You are confusing yourself........... Take a close look at the scenario again

You would apply the access list to outbound E1 because the packets are trying to 'get out' of E1 and travel to 172.45.2.2

If you apply it to inbound E1 then it would only block traffic coming into E1 from the 172.45.2.2 network, all traffic trying to get out of E1 would be allowed!

This is exactly what I needed.

I swear... I've been told that its my thinking like THIS that prevents me from passing my exams in the high 900's...

Thanks for ALL the help everyone!

APA

Glad to be of assistance......


Keep a positive frame of mind and you will always do well in your exams but remember that a score is just a score it doesn't mean you know less then someone who passes an exam with a perfect score..........

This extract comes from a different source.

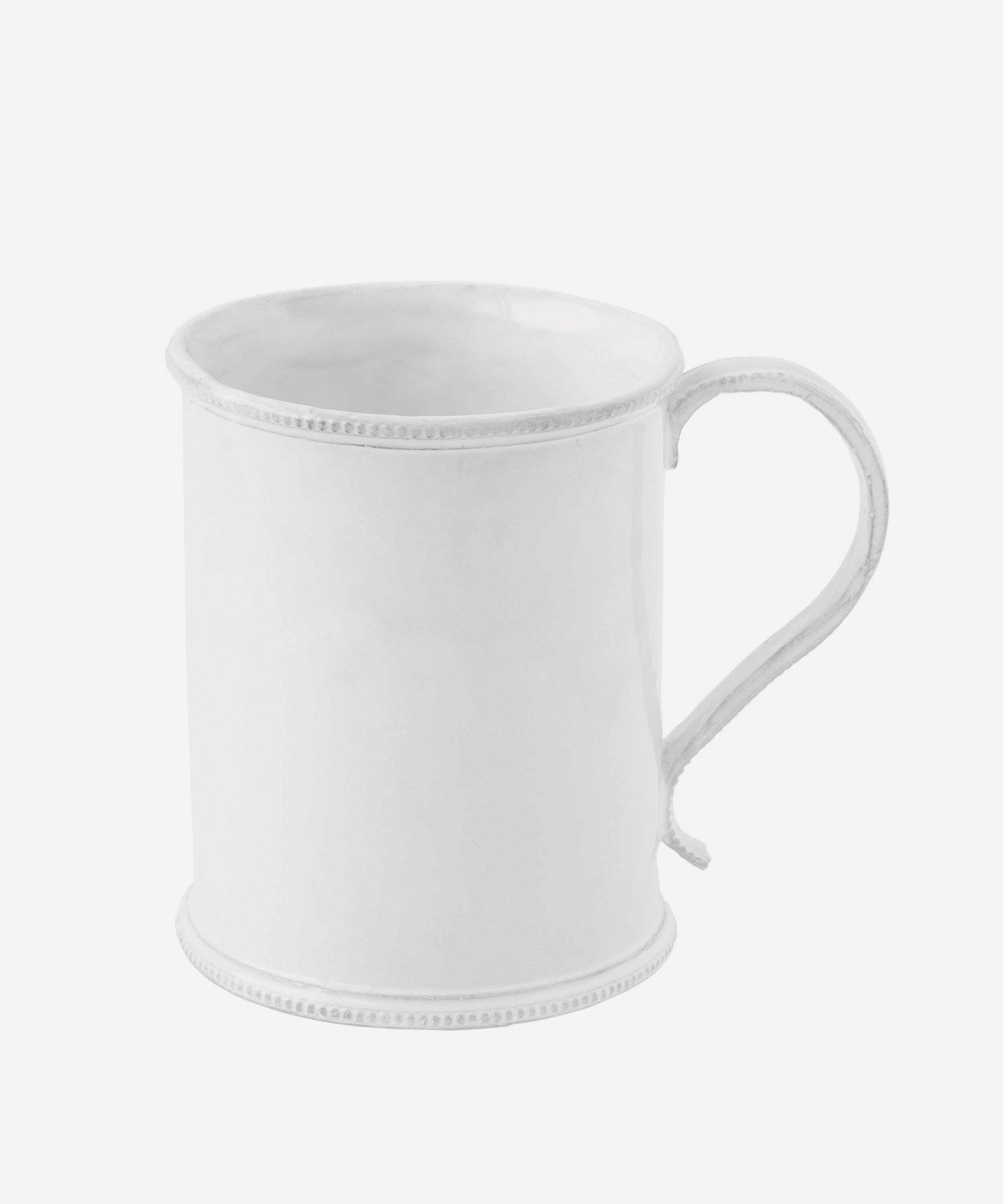 Astier de Villatte - Perles Large Cup image number 0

At the end of the day real hands on experience beats everything else!!!!

gabrielbtoledo

When I was in class, my teacher taught me to think this way to understand In - Out ACLs.
Sit your butt into the router and you will be able to see what is IN and what is OUT.
Imagine yourself being the router, so you can visualize from where the packets are coming and going.
In this scenario, if you sit into the router, you will see why can't be in and has to be out. You are receiving packets from another port and will send out through a different one.